EXERCISE PROMPT: Below are the records. Retype, exactly, the lines from the first through the line with "Kristallbas LED Vitt", and leave out the pictures.

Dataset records

=== Section Start ===

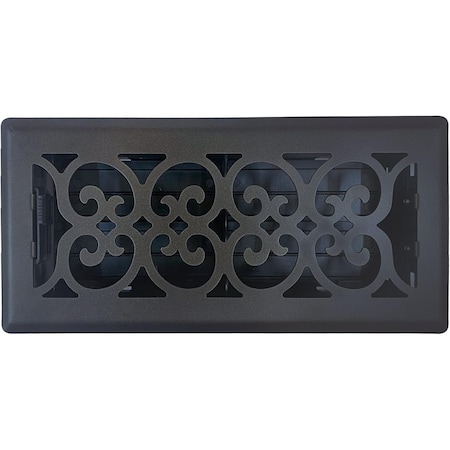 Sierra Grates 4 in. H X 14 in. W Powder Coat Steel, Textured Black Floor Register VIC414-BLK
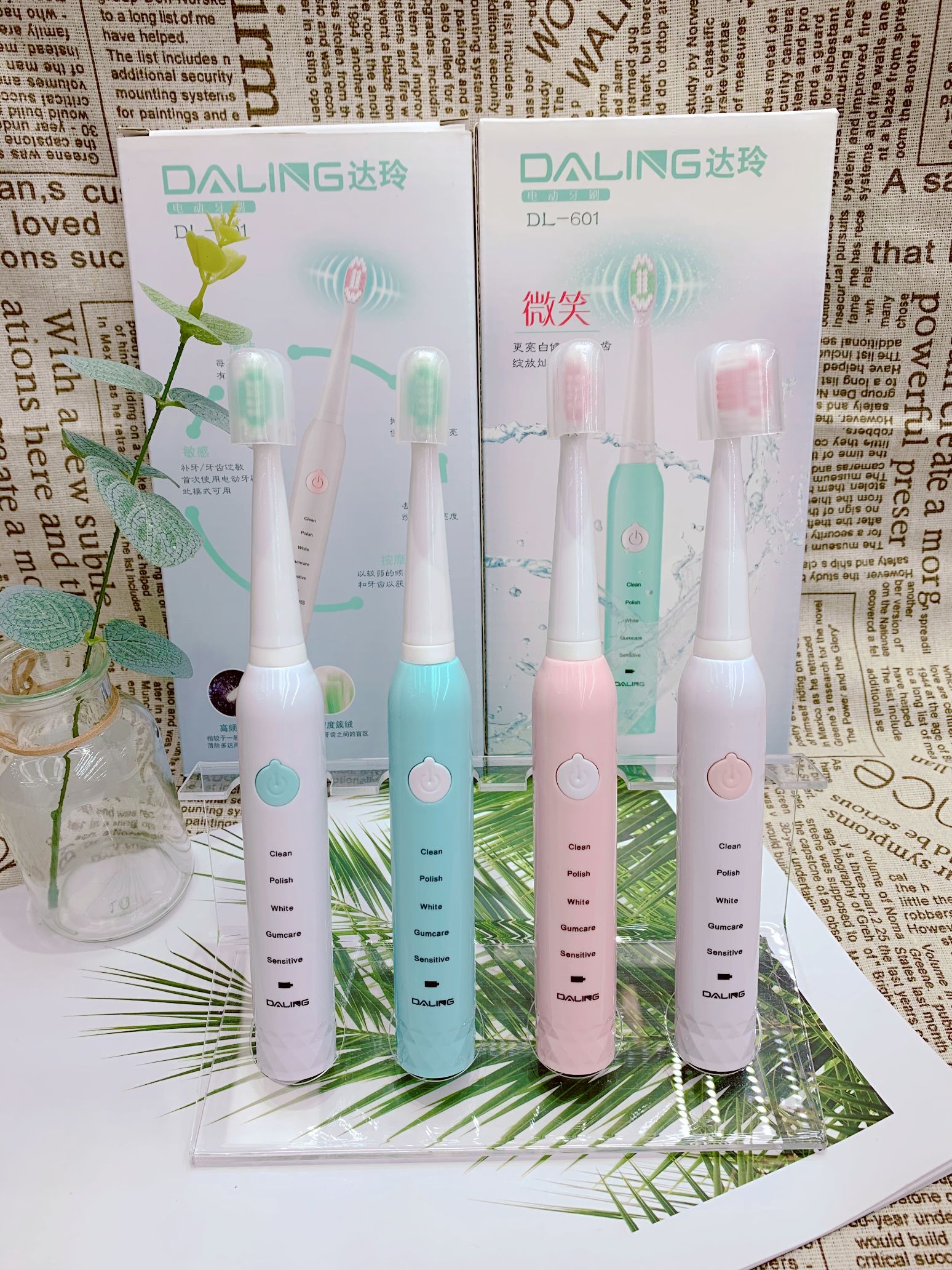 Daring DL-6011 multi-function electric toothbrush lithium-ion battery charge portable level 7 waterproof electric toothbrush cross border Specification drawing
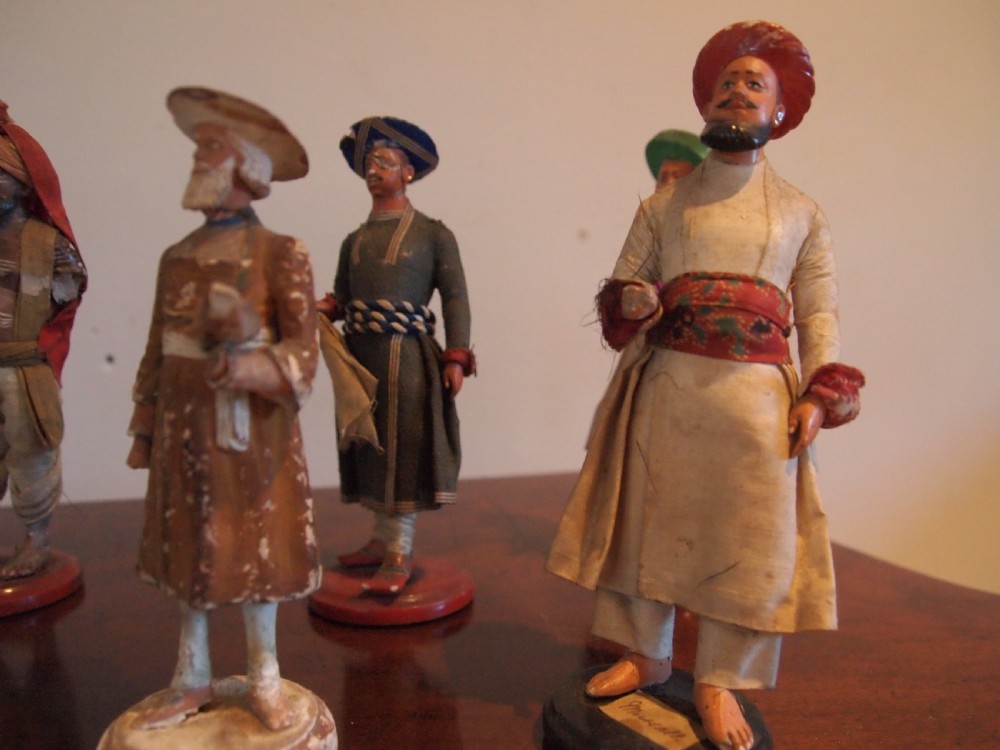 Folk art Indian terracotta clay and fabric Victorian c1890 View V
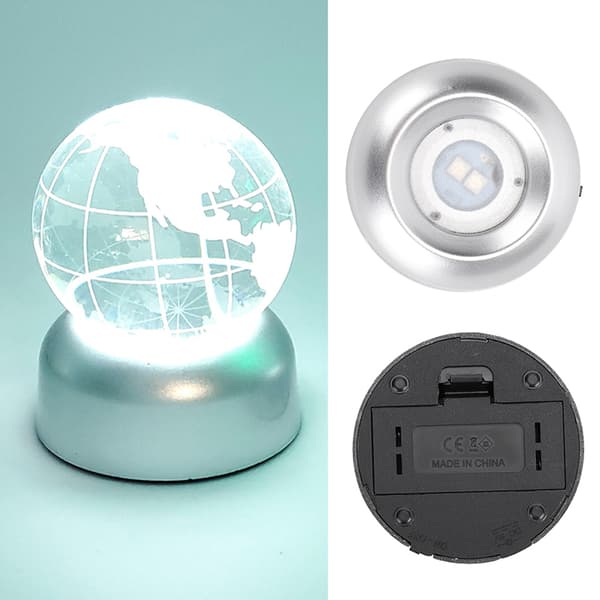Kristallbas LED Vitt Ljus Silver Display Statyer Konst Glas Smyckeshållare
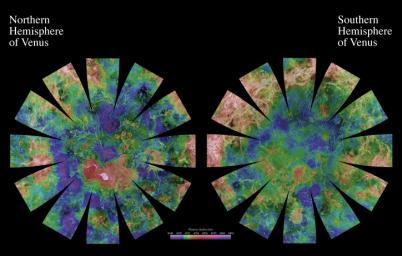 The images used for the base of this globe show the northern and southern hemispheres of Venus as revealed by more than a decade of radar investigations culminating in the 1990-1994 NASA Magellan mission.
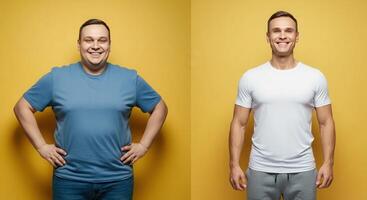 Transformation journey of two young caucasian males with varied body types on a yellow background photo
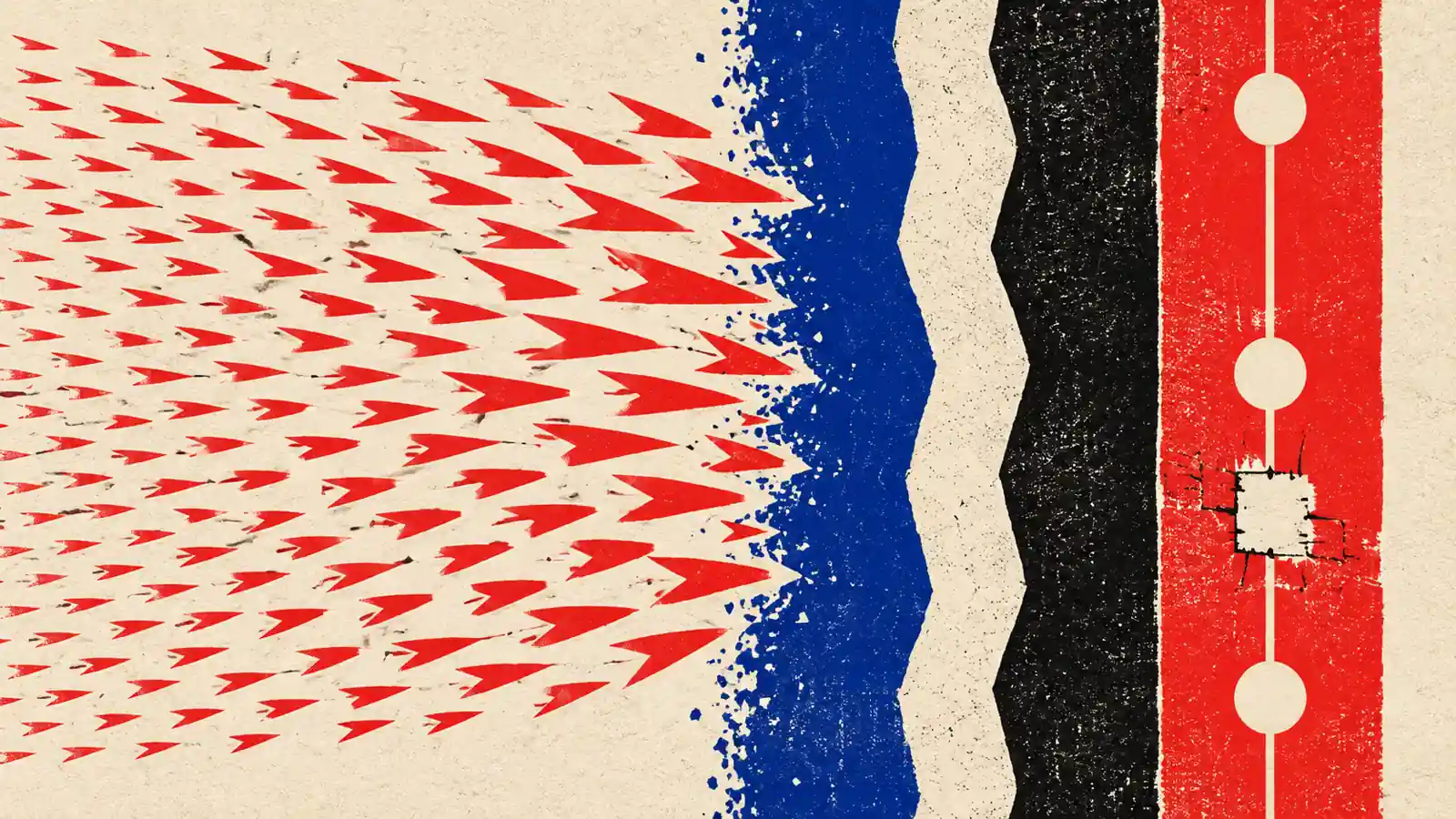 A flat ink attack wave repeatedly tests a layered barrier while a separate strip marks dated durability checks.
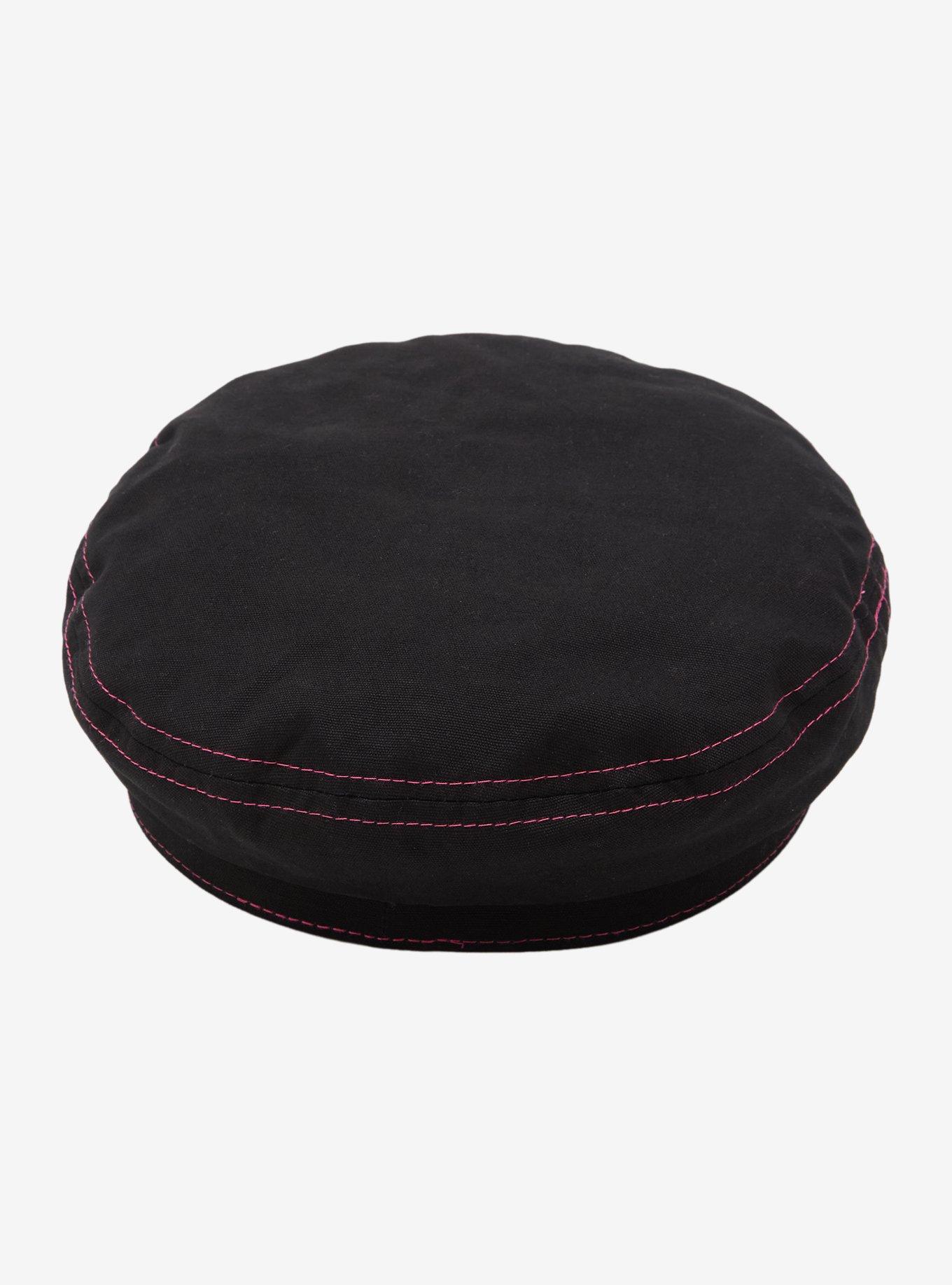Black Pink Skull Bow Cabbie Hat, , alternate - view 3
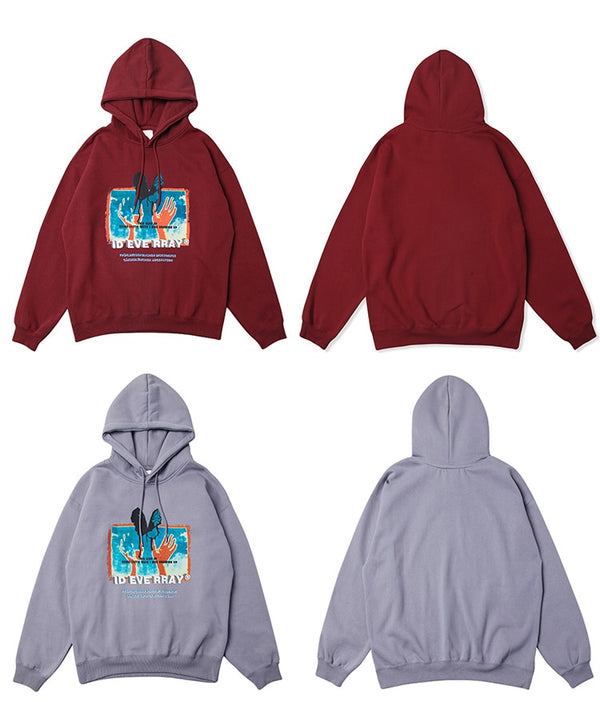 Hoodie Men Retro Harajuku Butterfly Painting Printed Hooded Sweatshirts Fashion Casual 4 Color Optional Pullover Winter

=== Section End ===

TASK OUTPUT:
 Sierra Grates 4 in. H X 14 in. W Powder Coat Steel, Textured Black Floor Register VIC414-BLK
 Daring DL-6011 multi-function electric toothbrush lithium-ion battery charge portable level 7 waterproof electric toothbrush cross border Specification drawing
 Folk art Indian terracotta clay and fabric Victorian c1890 View V
Kristallbas LED Vitt Ljus Silver Display Statyer Konst Glas Smyckeshållare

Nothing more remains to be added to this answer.